Interest in Commodity ETFs Continues to Drop

Given the current global and national economic environment, investors and advisors remain keen on finding new asset classes to put funds into. The main topics and asset classes investors continue to engage with are U.S. fixed income, U.S. equities, and international equities. This comes as no surprise as these topics are typically ones investors prefer to engage with the most.

The question that then arises is: Which asset classes and investment themes are advisors not as interested in? 

In this article, using data obtained from the Explorer platform, we will delve deeper into one of the asset classes that is not catching the attention of investors and advisors. We will also use data fromLOGICLY to look at some key characteristics of funds in that asset class. Using this data, we hope to give advisors insight into this asset class’s overall performance and try to answer the question of why attention continues to drop in it.

Advisor Interest Continues to Drop

Commodities are the asset class with the most significant dip in financial advisors’ interest. When referring to how the interest is measured, it is from data collected from the number of digital interactions investors and advisors engage with specific topics on VettaFi platforms. Since the beginning of June, financial advisor engagement with commodities content has dropped 20% per data from Explorer. The long-term data also show this trend as YTD data shows that it has dropped 14% per data from Explorer. The topics that advisors have shown the most interest in during this time frame are leveraged ETFs, U.S. fixed income, and U.S. equities. On top of that, the asset class has lost -2.0% of growth in its AUM YTD and -15.9% in the last year. Commodity ETFs have also lost more than 2 billion inflows YTD.

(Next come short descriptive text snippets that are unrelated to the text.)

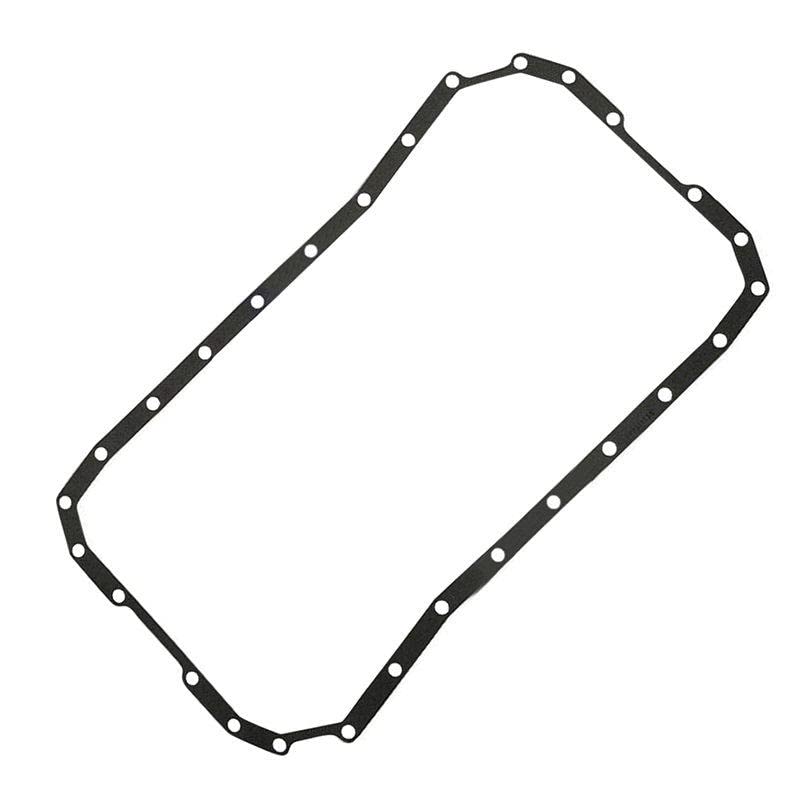 Oil Pan Gasket 3900947 3903393 3906027 3911535 3931602 3938162 for Cummins Engine B3.9 4BT 4BT3.9 4BTA3.9 3.9L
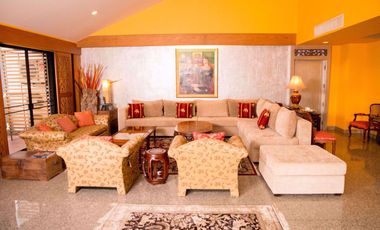 For rent そして for sale スタジオ condo in Khlong Toei, Bangkok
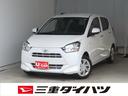 コーナーセンサー　アイドリングストップ　電格ドアミラー　盗難警報装置　定期点検記録簿　１オーナー　ＬＥＤヘットライト　キーレス　パワーウィンドウ　衝突回避支援ブレーキ　ペダル踏み間違い抑制（三重県）の中古車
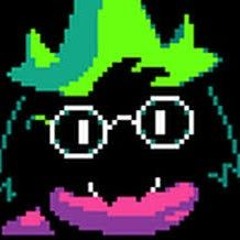 Sashathesilly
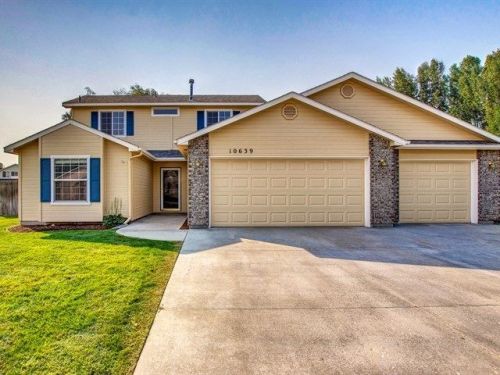 10639 Capella St, Star, ID 83669-5437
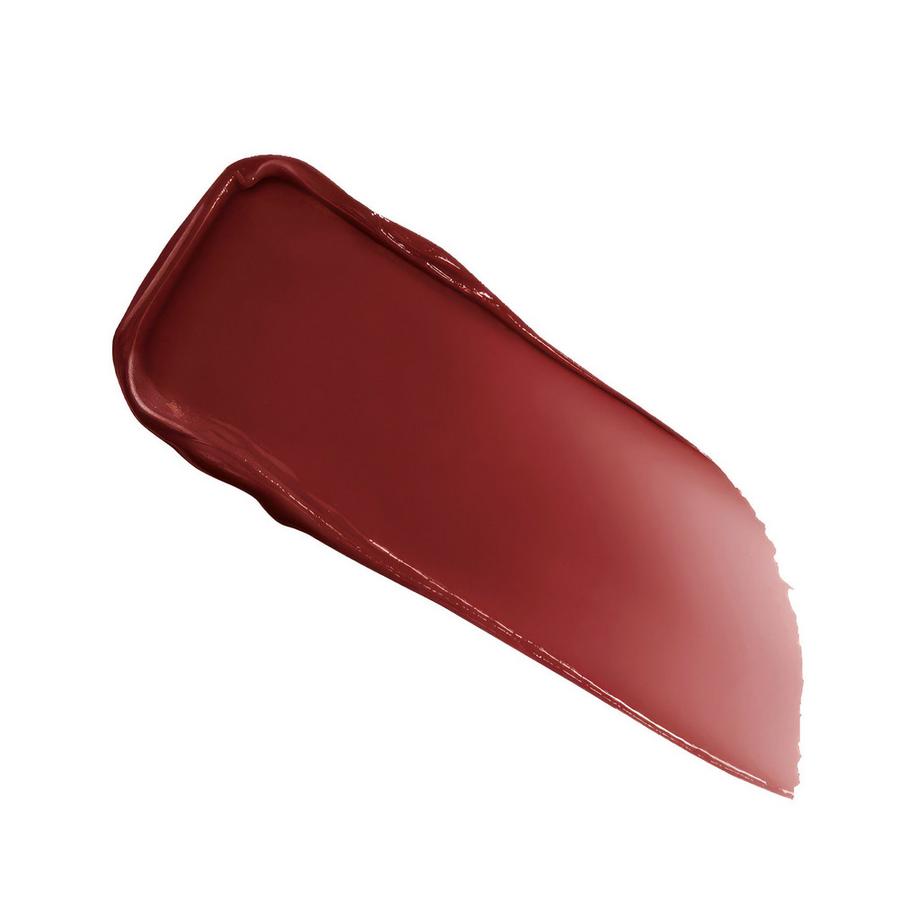 Lancôme Lip Idôle Butterglow Balsamo per labbra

The significant drop in engagement and flows can be due to many different reasons, but one may be the sporadic nature of the asset class. It is a constant tendency that this asset class has shown unless it is in a super cycle. In addition, the economy as a whole this year has seen an increase in interest in the tech sector. As advisors and investors have paid significant attention to artificial intelligence companies and ETFs. Both of these reasons can be why advisor interest has dropped significantly this year.